- Goal of the exercise: Please quote exactly the lines below from the line containing "anno 2205 style, temperate, sunny, clear" to the line containing "Babyhug Printed Headbands", both lines included, and nothing else.

- Data:
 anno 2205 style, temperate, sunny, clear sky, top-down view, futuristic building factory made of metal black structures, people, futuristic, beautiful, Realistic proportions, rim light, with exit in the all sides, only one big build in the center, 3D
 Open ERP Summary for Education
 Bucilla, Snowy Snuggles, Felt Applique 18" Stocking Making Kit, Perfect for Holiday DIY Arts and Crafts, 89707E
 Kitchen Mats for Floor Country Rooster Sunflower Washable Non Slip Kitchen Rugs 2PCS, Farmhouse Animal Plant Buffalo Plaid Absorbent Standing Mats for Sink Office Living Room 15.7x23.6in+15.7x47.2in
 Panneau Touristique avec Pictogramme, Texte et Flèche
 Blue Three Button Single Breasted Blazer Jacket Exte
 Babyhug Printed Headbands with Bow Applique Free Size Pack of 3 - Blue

--

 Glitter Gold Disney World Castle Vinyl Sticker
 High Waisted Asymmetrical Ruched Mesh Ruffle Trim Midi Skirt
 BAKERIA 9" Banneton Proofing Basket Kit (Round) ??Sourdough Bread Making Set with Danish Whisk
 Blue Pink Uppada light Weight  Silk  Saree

- Output of the exercise:
 anno 2205 style, temperate, sunny, clear sky, top-down view, futuristic building factory made of metal black structures, people, futuristic, beautiful, Realistic proportions, rim light, with exit in the all sides, only one big build in the center, 3D
 Open ERP Summary for Education
 Bucilla, Snowy Snuggles, Felt Applique 18" Stocking Making Kit, Perfect for Holiday DIY Arts and Crafts, 89707E
 Kitchen Mats for Floor Country Rooster Sunflower Washable Non Slip Kitchen Rugs 2PCS, Farmhouse Animal Plant Buffalo Plaid Absorbent Standing Mats for Sink Office Living Room 15.7x23.6in+15.7x47.2in
 Panneau Touristique avec Pictogramme, Texte et Flèche
 Blue Three Button Single Breasted Blazer Jacket Exte
 Babyhug Printed Headbands with Bow Applique Free Size Pack of 3 - Blue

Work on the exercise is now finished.